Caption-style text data
"""
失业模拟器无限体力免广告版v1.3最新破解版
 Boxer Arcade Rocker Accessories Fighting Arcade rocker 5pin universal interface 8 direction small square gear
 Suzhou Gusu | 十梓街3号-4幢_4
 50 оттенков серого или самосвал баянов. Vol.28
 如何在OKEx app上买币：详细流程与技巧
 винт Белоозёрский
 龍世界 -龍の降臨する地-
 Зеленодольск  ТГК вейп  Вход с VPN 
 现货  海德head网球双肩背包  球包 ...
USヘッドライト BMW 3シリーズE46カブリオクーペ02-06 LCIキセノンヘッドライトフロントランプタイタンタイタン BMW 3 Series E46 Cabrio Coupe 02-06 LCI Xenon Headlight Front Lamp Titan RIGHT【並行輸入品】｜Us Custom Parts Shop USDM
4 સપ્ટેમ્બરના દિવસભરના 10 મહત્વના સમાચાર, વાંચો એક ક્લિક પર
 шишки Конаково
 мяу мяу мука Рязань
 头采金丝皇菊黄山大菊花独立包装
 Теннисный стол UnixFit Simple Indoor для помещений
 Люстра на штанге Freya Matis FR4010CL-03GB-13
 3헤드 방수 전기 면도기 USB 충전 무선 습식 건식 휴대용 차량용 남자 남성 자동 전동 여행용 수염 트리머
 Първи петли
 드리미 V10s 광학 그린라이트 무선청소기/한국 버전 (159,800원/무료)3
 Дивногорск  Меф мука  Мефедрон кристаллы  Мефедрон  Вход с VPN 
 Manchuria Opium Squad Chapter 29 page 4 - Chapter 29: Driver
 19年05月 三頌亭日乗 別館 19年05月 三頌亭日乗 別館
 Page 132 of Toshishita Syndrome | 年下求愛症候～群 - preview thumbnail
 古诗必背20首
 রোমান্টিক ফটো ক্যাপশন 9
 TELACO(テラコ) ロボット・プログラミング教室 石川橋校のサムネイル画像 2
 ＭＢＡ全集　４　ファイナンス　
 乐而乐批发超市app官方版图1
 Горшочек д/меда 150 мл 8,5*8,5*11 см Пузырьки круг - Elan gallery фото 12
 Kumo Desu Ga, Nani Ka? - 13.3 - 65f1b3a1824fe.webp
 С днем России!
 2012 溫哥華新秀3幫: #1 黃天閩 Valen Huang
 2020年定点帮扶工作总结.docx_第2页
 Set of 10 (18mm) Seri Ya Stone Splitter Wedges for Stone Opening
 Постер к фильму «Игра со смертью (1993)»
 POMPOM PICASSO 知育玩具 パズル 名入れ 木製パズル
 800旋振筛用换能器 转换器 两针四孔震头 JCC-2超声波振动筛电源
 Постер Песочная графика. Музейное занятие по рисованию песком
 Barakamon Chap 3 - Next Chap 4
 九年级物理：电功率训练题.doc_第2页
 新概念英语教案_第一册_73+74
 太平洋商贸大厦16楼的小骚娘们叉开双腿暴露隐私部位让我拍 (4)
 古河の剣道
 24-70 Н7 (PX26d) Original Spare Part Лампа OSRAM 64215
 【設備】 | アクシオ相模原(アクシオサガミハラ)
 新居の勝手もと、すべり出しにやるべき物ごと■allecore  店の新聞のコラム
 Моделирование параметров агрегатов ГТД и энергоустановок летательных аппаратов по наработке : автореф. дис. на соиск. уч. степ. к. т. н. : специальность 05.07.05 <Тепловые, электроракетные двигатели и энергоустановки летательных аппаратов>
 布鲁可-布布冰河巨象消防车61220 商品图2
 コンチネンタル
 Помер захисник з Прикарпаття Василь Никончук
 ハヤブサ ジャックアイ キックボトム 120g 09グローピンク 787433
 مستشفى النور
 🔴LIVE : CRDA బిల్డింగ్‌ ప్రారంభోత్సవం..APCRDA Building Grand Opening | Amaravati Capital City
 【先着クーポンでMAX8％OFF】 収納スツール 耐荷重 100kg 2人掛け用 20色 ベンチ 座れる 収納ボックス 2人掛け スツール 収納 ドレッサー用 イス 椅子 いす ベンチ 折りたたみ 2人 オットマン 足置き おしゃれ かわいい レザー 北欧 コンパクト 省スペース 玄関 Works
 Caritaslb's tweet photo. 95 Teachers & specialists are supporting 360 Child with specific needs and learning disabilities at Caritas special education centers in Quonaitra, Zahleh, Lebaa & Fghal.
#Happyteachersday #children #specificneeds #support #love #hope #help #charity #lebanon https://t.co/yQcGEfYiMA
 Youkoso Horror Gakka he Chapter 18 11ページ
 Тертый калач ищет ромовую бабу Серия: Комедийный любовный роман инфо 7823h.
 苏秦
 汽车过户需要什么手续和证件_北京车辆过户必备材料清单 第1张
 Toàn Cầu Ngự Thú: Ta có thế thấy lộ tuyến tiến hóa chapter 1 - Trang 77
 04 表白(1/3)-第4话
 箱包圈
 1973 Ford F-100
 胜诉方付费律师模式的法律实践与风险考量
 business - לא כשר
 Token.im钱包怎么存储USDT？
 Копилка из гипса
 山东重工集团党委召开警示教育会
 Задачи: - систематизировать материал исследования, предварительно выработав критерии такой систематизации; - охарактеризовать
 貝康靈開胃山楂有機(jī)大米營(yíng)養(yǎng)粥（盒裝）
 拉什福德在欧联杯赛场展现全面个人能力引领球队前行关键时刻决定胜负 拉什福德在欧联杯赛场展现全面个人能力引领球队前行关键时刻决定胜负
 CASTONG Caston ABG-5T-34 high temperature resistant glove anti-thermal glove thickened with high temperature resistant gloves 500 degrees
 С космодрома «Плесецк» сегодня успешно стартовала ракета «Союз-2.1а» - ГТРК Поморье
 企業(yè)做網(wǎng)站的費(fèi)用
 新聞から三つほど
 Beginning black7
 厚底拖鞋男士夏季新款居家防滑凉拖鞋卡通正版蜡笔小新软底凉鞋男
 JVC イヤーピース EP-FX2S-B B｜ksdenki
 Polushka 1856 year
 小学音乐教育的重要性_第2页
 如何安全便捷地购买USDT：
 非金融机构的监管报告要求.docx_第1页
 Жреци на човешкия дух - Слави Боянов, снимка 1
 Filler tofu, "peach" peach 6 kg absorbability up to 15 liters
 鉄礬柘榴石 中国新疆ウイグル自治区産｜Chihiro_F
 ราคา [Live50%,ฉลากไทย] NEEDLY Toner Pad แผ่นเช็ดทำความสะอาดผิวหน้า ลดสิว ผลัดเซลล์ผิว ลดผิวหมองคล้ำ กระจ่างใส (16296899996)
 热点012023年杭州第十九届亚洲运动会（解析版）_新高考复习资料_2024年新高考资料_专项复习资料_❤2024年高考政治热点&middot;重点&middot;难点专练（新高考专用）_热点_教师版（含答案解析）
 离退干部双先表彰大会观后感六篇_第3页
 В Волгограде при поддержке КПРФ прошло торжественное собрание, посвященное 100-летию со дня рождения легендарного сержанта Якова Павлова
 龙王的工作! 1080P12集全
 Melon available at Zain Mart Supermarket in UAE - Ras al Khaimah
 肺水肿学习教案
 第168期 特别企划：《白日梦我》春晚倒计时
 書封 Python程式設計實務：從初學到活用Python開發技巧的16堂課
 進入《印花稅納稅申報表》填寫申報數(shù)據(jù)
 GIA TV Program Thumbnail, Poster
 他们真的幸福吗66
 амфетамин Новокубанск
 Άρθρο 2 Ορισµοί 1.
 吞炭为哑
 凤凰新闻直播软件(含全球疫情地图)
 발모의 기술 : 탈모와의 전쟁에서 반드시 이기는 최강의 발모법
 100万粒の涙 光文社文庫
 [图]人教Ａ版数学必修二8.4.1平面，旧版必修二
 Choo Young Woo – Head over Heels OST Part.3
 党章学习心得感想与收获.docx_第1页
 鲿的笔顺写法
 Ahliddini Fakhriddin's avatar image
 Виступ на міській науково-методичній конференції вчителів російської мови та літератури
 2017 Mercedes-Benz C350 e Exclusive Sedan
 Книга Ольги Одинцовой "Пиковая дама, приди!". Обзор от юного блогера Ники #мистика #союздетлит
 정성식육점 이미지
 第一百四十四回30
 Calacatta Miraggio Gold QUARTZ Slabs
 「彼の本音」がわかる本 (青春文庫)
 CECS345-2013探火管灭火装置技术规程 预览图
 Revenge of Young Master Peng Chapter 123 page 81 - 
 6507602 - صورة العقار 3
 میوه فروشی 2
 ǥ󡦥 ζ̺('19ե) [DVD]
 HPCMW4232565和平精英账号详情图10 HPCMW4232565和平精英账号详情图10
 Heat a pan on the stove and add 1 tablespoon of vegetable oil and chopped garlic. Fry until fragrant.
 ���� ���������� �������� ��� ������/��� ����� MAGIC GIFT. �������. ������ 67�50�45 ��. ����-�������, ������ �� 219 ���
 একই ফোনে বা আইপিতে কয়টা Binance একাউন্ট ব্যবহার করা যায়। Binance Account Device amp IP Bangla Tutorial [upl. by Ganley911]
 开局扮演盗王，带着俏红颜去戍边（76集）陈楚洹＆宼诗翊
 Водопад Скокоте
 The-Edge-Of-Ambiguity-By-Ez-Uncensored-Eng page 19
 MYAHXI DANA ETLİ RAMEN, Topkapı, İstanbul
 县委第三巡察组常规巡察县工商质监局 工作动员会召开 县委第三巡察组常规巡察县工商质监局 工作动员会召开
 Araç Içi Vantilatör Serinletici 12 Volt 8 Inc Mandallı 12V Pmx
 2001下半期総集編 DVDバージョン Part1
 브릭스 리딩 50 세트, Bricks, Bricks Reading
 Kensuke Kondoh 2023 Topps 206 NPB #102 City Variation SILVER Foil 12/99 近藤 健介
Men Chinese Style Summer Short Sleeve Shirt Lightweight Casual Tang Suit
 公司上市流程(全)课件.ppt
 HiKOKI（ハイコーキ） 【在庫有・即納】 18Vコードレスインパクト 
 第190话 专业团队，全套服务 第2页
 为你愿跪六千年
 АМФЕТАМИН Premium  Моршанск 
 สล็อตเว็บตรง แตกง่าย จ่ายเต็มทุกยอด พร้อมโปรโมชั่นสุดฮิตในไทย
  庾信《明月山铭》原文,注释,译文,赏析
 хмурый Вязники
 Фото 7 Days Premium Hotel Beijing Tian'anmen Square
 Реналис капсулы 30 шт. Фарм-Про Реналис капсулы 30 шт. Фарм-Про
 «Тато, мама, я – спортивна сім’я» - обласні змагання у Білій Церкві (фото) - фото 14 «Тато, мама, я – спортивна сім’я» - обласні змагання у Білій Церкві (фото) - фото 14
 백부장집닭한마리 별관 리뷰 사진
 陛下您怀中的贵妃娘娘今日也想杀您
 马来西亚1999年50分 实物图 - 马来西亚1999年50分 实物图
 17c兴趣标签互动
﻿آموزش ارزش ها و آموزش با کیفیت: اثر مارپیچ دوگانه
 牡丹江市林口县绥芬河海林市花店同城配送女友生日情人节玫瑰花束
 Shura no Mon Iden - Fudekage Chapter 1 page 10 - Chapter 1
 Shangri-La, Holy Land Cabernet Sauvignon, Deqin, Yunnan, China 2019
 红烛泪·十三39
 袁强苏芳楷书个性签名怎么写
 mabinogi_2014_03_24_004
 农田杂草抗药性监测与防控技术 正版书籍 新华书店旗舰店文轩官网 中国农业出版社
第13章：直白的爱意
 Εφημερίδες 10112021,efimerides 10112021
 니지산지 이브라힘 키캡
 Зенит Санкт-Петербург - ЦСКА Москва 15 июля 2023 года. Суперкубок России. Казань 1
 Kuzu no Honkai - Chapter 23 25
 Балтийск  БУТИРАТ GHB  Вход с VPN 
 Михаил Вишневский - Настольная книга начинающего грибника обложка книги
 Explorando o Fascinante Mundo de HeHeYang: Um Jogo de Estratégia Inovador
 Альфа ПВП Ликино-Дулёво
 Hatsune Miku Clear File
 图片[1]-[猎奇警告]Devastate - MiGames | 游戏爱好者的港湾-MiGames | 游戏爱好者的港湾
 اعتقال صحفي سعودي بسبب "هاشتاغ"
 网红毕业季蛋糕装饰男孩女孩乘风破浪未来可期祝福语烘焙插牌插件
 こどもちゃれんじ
"""
Check each line of the records for "мука" and copy the ones that contain it.

Problem solution –
 мяу мяу мука Рязань
 Дивногорск  Меф мука  Мефедрон кристаллы  Мефедрон  Вход с VPN 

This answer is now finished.